1. Apply the Terraform module

module "murmur_placement" {
  source = "git::https://github.com/prassoai/terraform-modules.git//modules/aws-wif?ref=v0.2.0"

  tenant_id = "github_app/your-org" # from `murmur tenant whoami` or the dashboard

  # Placement-shape inputs — set these and the module emits a sync-ready
  # `placement` output you can pipe straight into the CLI (step 2).
  placement_name              = "my-aws" # must not start with "murmur-"
  placement_region            = "us-east-1"
  placement_vpc_id            = "vpc-0abc123"
  placement_subnet_ids        = ["subnet-0aaa", "subnet-0bbb"]
  placement_security_group_id = "sg-0def456"
}
Creates an OIDC provider with a StringEquals trust policy scoped to your tenant ID, the VM-creator and read-only IAM roles, and the VM runtime instance profile. The sub claim match is what gives you cryptographic isolation: another tenant’s OIDC token cannot assume your role, period. The VPC, subnets, and security group are yours — the module takes them as inputs and never creates them, so point placement_vpc_id / placement_subnet_ids / placement_security_group_id at networking that already exists in your account.

2. Sync the Placement

As of v0.2.0 the module assembles the full Placement — deriving account_id from the VM-creator role ARN and reading the role, instance-profile, and OIDC-provider ARNs from its own resources — and exposes it as the placement output. Pipe it straight into murmur set:
terraform output -json placement | murmur set placement my-aws
The output is null until placement_name is set, so the module also works for federation-only setups. By default every tenant member may spawn agents under the placement; set default_spawn_grant to scope it to named groups or users.

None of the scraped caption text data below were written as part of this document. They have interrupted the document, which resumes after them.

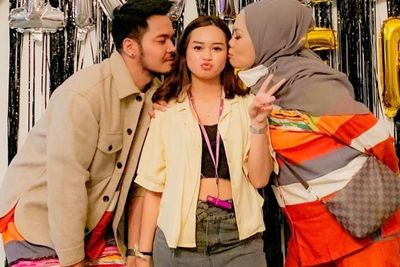 Elly Sugigi dan Aher Kompak Cium Ulfi, Netizen: Suaminya Dijaga, Nanti Anaknya Naksir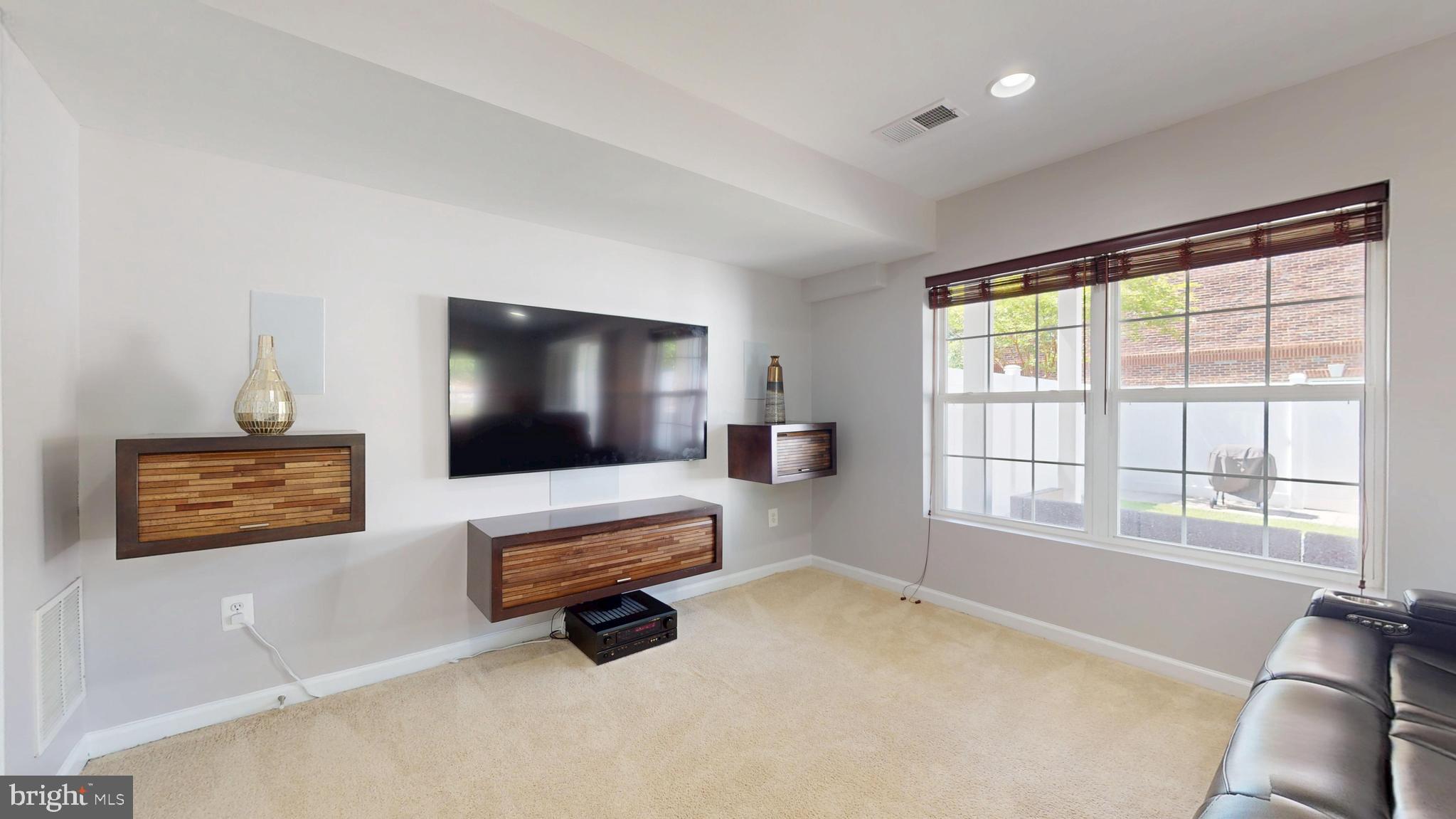 CHELSEA MANOR - Residential
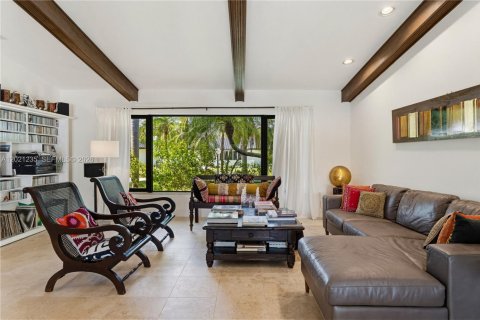 Villa ou maison à vendre à Palmetto Bay, Floride: 4 chambres, 248.33 m2 № 2084934 - photo 9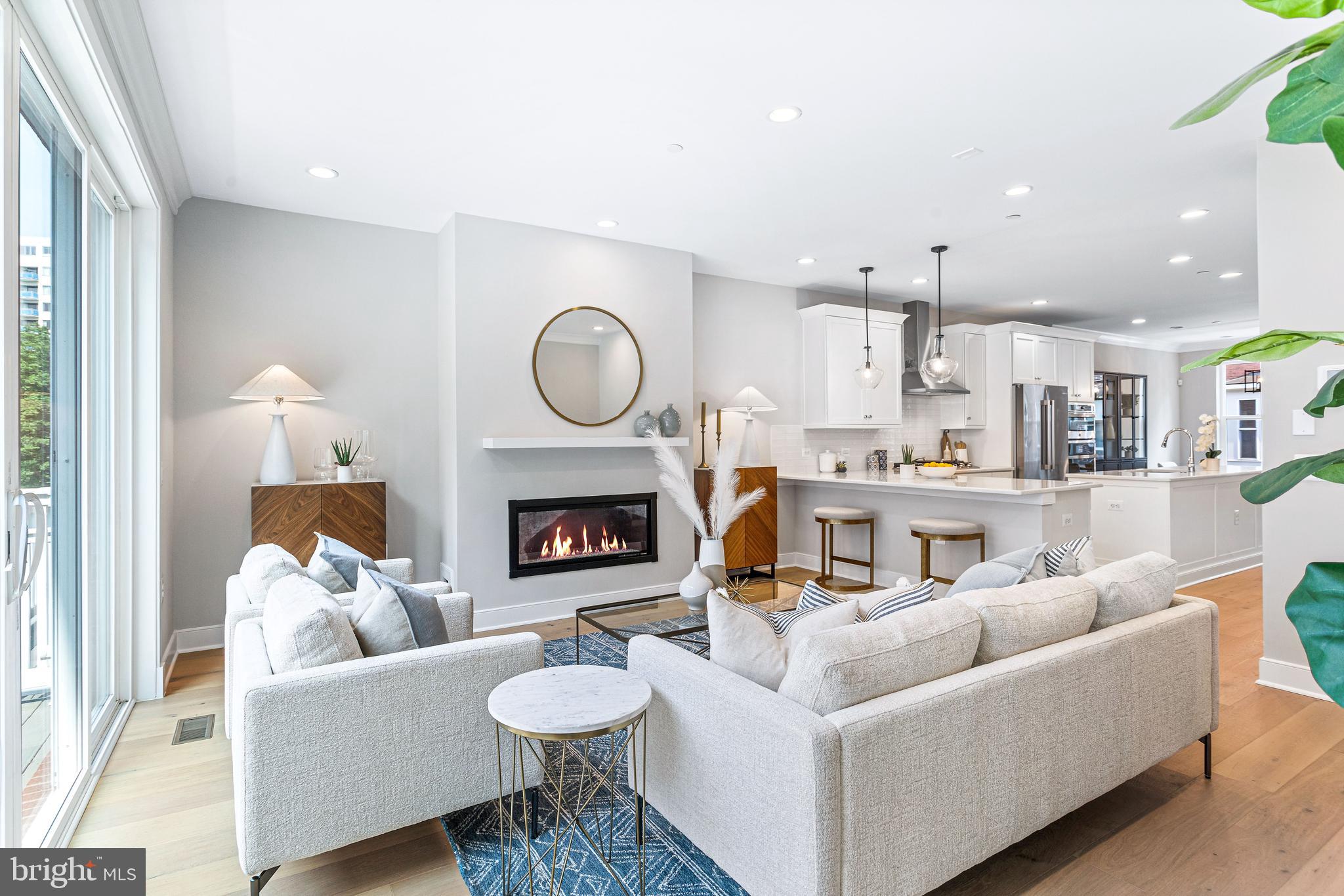 10258 GROSVENOR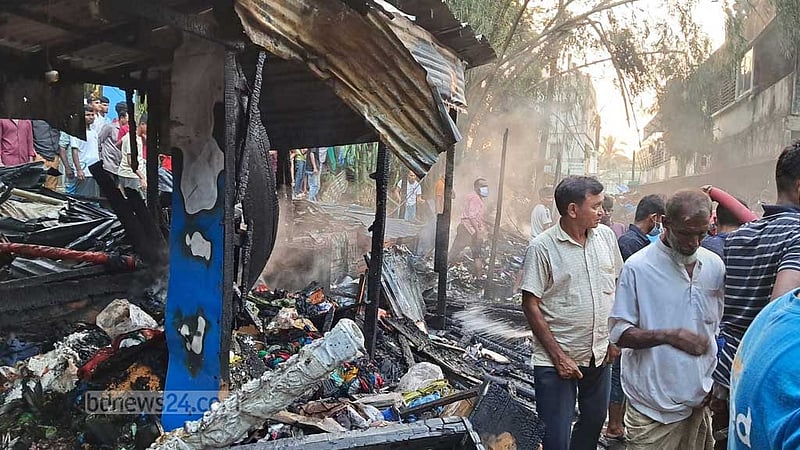 উখিয়ায় মার্কেটে আগুন, দোকান রক্ষা করতে গিয়ে ব্যবসায়ীর মৃত্যু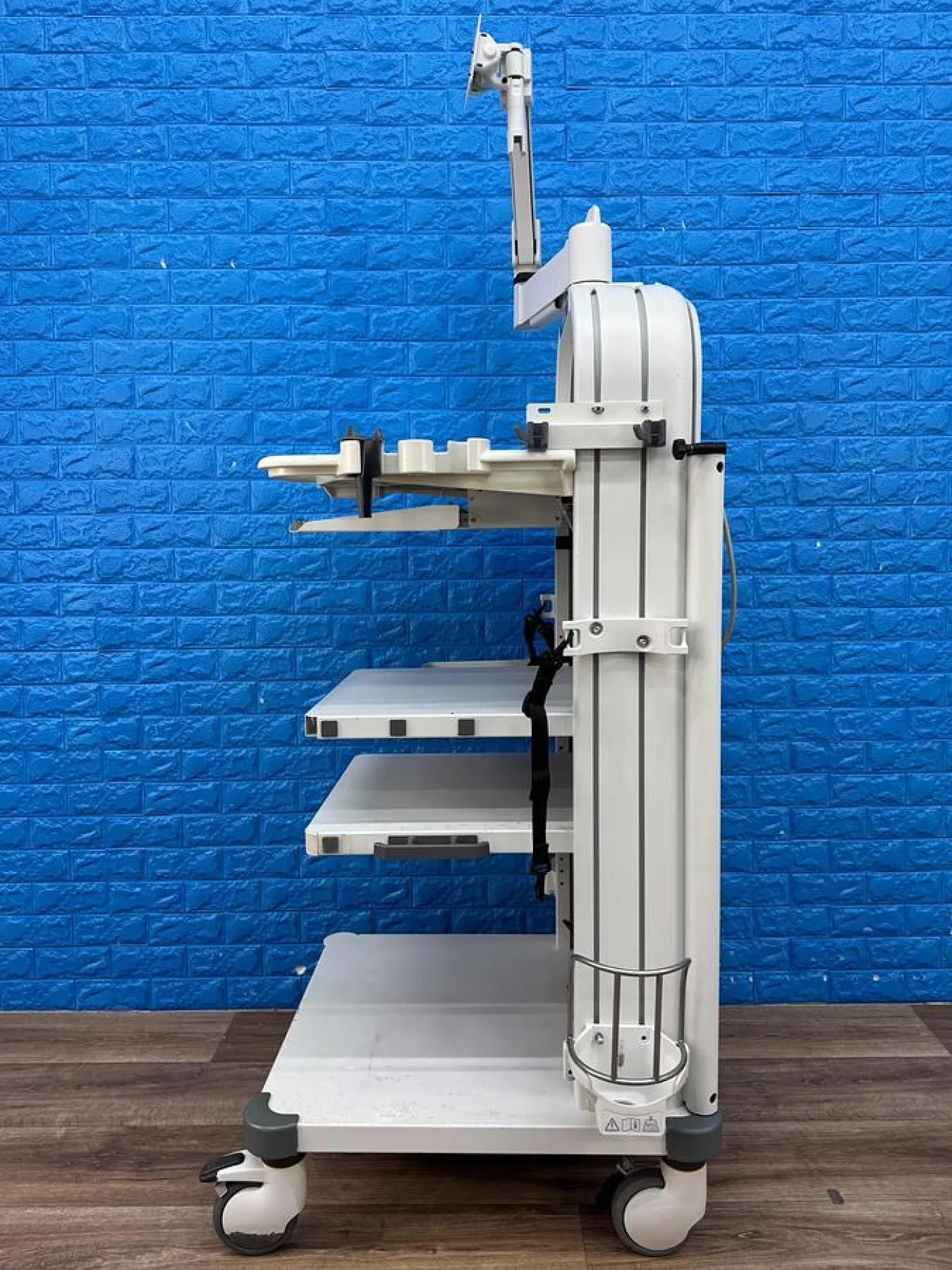 Olympus Trolley Model: WM-NP2 YOM: 2015 - 6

3. Rebake your Images into your account

AMIs are account-bound, same as GCE images are project-bound:
murmur bake my-recipe default my-aws

4. Point a Workspace at the Placement

cat <<EOF | murmur set workspace my-workspace
name: my-workspace
placement: my-aws
environment_ref: default
image_ref: my-recipe
repos:
  - clone_url: https://github.com/your-org/your-repo
    base_branch: main
EOF
Verify with murmur status <slug>; account_id and region should match yours.

What changes operationally

  • Billing splits: cloud spend (VMs, network, storage) bills to your account. Murmur’s per-agent-hour charge is separate.
  • Region pinning: VMs only run where your Placement allows. A Workspace using my-gcp with zones: ["us-central1-a"] can never spawn outside that zone.
  • Networking is yours: your firewall rules, your routes, your egress. Agents reach your internal services as if they lived in your VPC.
  • You own incident response: if a VM misbehaves, it’s in your project; you can grab logs, snapshot disks, or shut it down directly.